Seth proceeded with his plan to remaster Buster And Billie based on the 35mm theater reels.  "It didn't matter to me," he said "I was going to squeeze whatever quality I could out of the old reels even if it was just for my own movie collection....I was really that moved by the film.   All of this happened because I became a super-fan after seeing the movie once." He approached and interviewed several production houses, and in a doing so developed a contact at Sony Pictures, owner of Columbia Pictures, who was willing to help get to the bottom of the mystery.   The following week, Sony contacted Seth and reported that they did indeed have the original film master reels of Buster And Billie, not only that,  but they were sitting on a large library of Buster And Billie elements.  

As Columbia Pictures, and therefore Sony, no longer had rights to Buster And Billie they released the entire film element library to it's rightful owner - Ron Silverman.  Ron arranged to have Sony ship the elements to Seth who then began the process of evaluating and cataloging the collection.    


With the original film master in hand, Seth set about having Buster And Billie restored.  There were several candidates who had the necessary technology to undertake the project, but it was decided that New York based Metropolis Post was the best.   What was not known, however, was the overall condition of the master.  It had been nearly 50 years since the film internegative had been used.


Metro Post first cleaned the entire master and then scanned each frame of the film at 2k quality per frame.  The computer captured frames were then stitched together with software, effectively creating a digital version of the original master.  Color correction came next.  As film ages, it is not unusual for the once vibrant colors to wash out, fade or even turn different colors.  Sony had kept the reels underground at a constant temperature and humidity, this made the Buster And Billie master virtually pristine.  A light treatment was performed to enhance the colors and remove some scratches and dust that was baked into the original film.

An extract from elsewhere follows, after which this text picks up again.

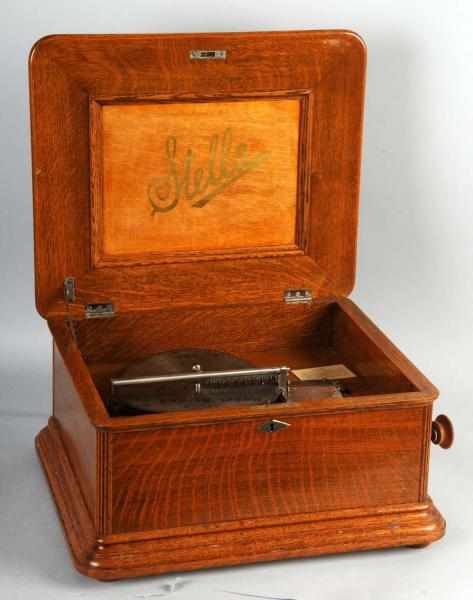 Appraisal: Wooden Stella Music Box in Oak Description Working Includes -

Sound treatment came next.  In a disappointing turn of events, it was discovered that the original sound master was never kept.  The film master reels do not contain a soundtrack, only the picture, so audio needed to be added back in.   Audio Mechanics and Rich Cutler Sound both worked to lift the sound from other existing elements and layer it back into the digital version of Buster And Billie.    

With the process complete, screening copies were sent out to be evaluated.  Everybody who viewed the remaster was impressed, with some saying it was like seeing the film for the first time.